As lágrimas de dor logo se transformam em tristeza. Meus olhos estavam tão inchados que parecia que iam saltar do rosto. Minha voz estava embargada, o nó na garganta sufocava o grito que eu queria soltar. Queria quebrar tudo ao meu redor, rasgar a pele, me desfazer desse peso.

Desligo o chuveiro, ainda tremendo. Enrolo a toalha ao redor do corpo e espremo o cabelo molhado. Meus passos são rápidos até o espelho embaçado. Com a mão, limpo o vidro e vejo meu reflexo: olhos vermelhos e inchados, cílios colados, o rosto inchado. Marcas.

Respiro fundo. “Um, dois, três.” Meu peito parece se partir em pedaços a cada nova respiração.

— Deus... por favor... — fecho os olhos, murmurando entre soluços. — Me dê forças...

Saio do banheiro rápido, como se algo estivesse me perseguindo. Meu corpo está gelado por fora, mas por dentro sinto que estou queimando. Cada passo pelo corredor faz o medo crescer, uma pressão no peito que me empurra para frente, como uma onda prestes a me afogar.

— Não... não de novo... — sussurro baixinho.

Chego ao quarto e fecho a porta com força. Minhas mãos estão trêmulas enquanto tento me vestir. Cada movimento traz uma nova dor. Meu corpo dói como se estivesse coberto de hematomas invisíveis. Ao puxar a camisa pela cabeça, o ombro arde, e eu quase choro de novo.

Depois de me trocar, a dor continua, cada músculo cansado, implorando por descanso. Meu corpo pede por alívio, mas não há nenhum. Fecho os olhos, buscando uma saída. Dentro de mim, clamo por ajuda, mas não sei para quem. Sinto-me perdida, com a mente em caos.

O som do celular me tira desse torpor. Um eco de vida em meio ao caos.
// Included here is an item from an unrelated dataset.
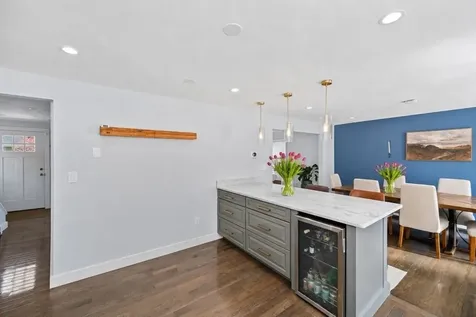59 Wyvern Street Boston MA 02131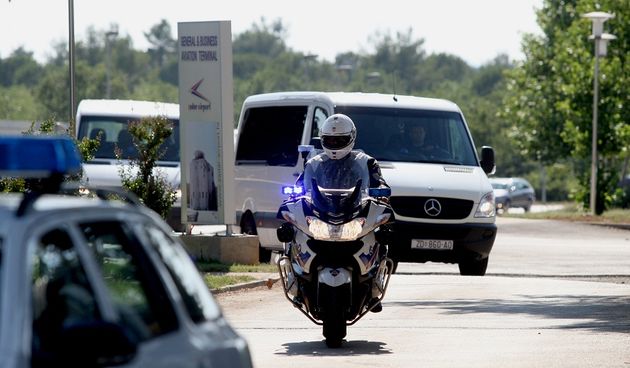 Dan poslije nesrece ceskih turista, Ozlijedjeni Cesi dovezeni su kombijma hitne pomoci iz gospicke bolnice te su ukrcani u avion. Foto: Jure Miskovic / CROPIX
Pego o celular com as mãos trêmulas, mal consigo focar na tela. Ukyo.

"Ei, saiba que se precisar conversar, estou aqui."

"Você não respondeu minhas mensagens hoje, imaginei que talvez estivesse meio pra baixo."

Meu coração acelera. Ele percebeu. Nem me lembrava de suas mensagens. Mas não sei se tenho forças para responder agora, não com a garganta apertada desse jeito, não com o peso no peito que me impede de respirar. Sento na beirada da cama, olhando para a tela, e, por um momento, penso em não responder. Mas...

"Mas se não quiser falar, não vou te obrigar", diz a mensagem seguinte, antes que eu consiga digitar qualquer coisa.

Fecho os olhos e respiro fundo.

"Eu tô bem", escrevo. "Só estava com dor de cabeça, aquela sala é uma bagunça."

Assim que envio, sinto um peso. Mentir. Isso é tudo o que consigo fazer. Não quero preocupar ninguém. Dois anos não foram suficientes para que eu me sentisse pronta para falar sobre o que acontece. Nem meus amigos de longa data sabem, e não podem saber.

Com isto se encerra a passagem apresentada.